Community colleges have an extremely difficult job trying to connect with students, given that so many drive to campus only to attend class and then return home or to work after the class concludes. In these cases, the only time a student interfaces with the college is during the 50 minutes in class. This leaves a very small window of time to "connect." How can colleges use technology to reach out to this increasingly demanding and diverse population?
Students who do not live on campus, work full time, are single parents with young children at home and have numerous responsibilities vying for their time--which describes many community college students--are less likely to become immersed in campus life. Students with these responsibilities are less likely to utilize professors' office hours, engage in campus activities and drive to campus to complete homework assignments in computer labs. In addition, students from culturally and linguistically diverse backgrounds are less likely to have a computer at home.

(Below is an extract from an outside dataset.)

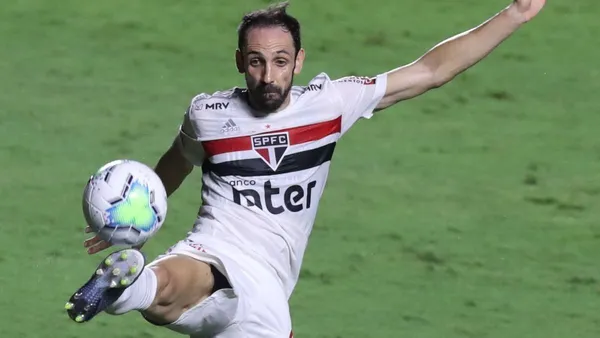 Lateral direito espanhol afirmou que clubes brasileiros jogariam de igual para igual no maior torneio de clubes do mundo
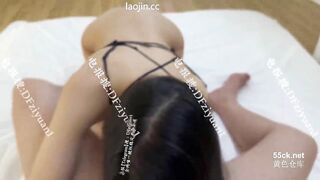 Xinh gái đên mấy cũng phải bú cu cho lão bản để lão bản địt thỏa mãn tình dục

Only 35 percent of community college students own a computer, compared to 81 percent of students at private four-year institutions and 59 percent of students at public four-year institutions, according to a 2006 article in the EDUCAUSE Review. The percentage of Black and Hispanic students who have home Internet access is also reason for concern; only 37 percent of Black households and 40 percent of Hispanic households have Internet access, considerably lower than 61 percent of Whites, according to the U.S. Department of Commerce's "A Nation Online: How Americans are Expanding Their Use of the Internet." While the gap remains, many colleges have developed strategies for using technology to help students become more effectively engaged with their institutions.
Fixing the Link: Strategies That Work
In order for students to feel more connected to the college campus and become more technology adept--not only required for the classroom, but also in the workplace--community colleges can integrate information technology strategically into students' college experiences. Assessing what contributes to this goal is an important component.
Here are two examples of how community colleges can fix the weak technological connectivity links that may impede student success.
Each year, South Texas College, in McAllen, with over 75 percent first-generation and 95 percent Hispanic students, reaches out to its community by hosting "Operation College Bound." The first such event, at Mission Consolidated Independent School District, encouraged all high school seniors in the district to complete the Free Application for Federal Student Aid form and applications to attend South Texas College and The University of Texas, Pan-American. …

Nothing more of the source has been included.